Thursday, June 19, 2014

FAFSA Dreams

Mention "FAFSA" to people in certain circles and you'll get an earful coming back at you. FAFSA stands for Free Application for Federal Student Aid; it's the form that students and parents fill out to apply for financial aid. Both government and institutions use data from the form to determine financial aid awards.
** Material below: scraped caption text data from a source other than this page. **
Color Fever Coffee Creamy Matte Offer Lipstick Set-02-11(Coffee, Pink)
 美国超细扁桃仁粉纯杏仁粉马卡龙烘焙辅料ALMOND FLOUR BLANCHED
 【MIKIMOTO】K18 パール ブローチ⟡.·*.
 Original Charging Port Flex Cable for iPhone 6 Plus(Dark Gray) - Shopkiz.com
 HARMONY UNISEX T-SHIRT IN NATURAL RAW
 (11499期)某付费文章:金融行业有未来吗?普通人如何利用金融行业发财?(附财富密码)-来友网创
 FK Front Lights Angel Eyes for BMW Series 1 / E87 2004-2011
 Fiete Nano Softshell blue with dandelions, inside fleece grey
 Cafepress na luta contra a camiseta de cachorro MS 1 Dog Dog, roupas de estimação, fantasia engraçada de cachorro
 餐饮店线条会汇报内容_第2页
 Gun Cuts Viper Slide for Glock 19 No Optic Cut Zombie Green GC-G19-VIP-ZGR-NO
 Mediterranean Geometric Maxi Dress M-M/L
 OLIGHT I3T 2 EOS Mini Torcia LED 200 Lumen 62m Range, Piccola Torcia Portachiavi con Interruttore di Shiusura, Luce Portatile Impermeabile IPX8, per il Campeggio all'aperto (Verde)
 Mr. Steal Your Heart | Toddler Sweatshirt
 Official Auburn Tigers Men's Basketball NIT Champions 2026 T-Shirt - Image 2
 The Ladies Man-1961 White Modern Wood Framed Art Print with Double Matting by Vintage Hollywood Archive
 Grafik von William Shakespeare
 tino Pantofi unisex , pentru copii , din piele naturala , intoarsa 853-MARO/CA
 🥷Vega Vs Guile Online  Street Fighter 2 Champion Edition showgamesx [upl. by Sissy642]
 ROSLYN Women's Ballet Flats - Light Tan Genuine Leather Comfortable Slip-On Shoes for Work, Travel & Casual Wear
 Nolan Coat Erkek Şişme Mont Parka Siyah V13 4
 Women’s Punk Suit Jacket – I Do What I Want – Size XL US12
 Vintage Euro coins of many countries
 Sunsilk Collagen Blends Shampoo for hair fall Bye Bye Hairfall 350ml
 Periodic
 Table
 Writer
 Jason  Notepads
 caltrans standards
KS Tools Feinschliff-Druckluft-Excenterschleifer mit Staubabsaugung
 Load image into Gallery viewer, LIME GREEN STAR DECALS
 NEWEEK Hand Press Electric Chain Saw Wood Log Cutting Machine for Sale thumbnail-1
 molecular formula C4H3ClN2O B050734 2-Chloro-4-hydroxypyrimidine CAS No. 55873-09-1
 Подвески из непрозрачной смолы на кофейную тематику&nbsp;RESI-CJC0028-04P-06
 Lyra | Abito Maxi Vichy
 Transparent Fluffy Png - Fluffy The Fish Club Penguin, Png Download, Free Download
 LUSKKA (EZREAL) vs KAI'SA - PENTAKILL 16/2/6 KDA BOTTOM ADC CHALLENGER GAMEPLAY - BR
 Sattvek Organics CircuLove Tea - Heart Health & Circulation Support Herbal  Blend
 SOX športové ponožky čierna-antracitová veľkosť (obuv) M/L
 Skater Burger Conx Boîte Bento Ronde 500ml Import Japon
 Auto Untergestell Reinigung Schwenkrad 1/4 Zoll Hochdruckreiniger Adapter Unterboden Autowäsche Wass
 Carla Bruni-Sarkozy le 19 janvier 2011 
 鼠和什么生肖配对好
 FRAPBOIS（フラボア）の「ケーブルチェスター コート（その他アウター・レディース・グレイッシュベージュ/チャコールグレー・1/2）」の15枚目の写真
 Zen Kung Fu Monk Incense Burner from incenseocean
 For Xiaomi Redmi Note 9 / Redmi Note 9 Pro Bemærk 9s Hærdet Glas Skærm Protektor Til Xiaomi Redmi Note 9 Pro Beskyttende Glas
The circles of people who will have something to say include students and their families, admissions and financial aid officials, scholars and activists who work in the higher education realm, and politicians.

In today's Times Lamar Alexander, Republican senator from Tennessee who is a former secretary of education and Michael Bennet, a Democratic senator from Colorado and former superintendent of schools, argue for a super-simplified FAFSA and a whole other slew of federal financial aid reforms in a bill they are co-sponsoring.

  • Simpler form (2 questions)
  • Submit it earlier in process (so kids would know early in the college application process)
  • Pell grants could be used year round
  • Federal student loan repayment programs reduced to two: income based and 10 year option

Whether one agrees with proposal or not, an important piece of the policy debate is highlighted in their argument: the present system has billions of hidden costs in the amount of time students and families spend providing the information, schools and the government spend processing it, and what schools spend auditing the process.

The Opinion Pages | OP-ED CONTRIBUTORS

An Answer on a Postcard

Simplifying Fafsa Will Get More Kids Into College




WASHINGTON — THIS year, more than 20 million college students will complete the dreaded 108-question Free Application for Federal Student Aid, commonly known as the Fafsa. Most do it again every year they’re in school. Some pay someone to help them. Colleges hire thousands of staff members to assist. Too many students are so intimidated by the form that they don’t bother to apply.
The Fafsa has 10 pages of detailed questions, explained by 72 pages of instructions, to complete an application that could be just two questions.
To give millions of hours back to American families, to remove what stands in the way of some students’ going to college and to save dollars that could be better spent on instruction, we are proposing legislation to reduce the federal financial aid application to a form the size of a postcard.




1 comment:

  1. They'll have to change the entire Federal formula for calculating EFC, not that that would be a bad thing.
    On the other hand, much of the information on the FAFSA does a pretty good job of giving enough information to really figure out who has the resources (hidden or not) and who doesn't. For those who don't have the resources, all the questions are intimidating because they usually only have to fill out the 1040 EZ. Those that do have resources (some of which the feds have decided don't have to count in EFC) aren't so intimidated; plus, for those people, the FAFSA gives fa directors important information to locate resources that are there but not obvious.
    So, what we need is a FAFSA and a FAFSA-EZ.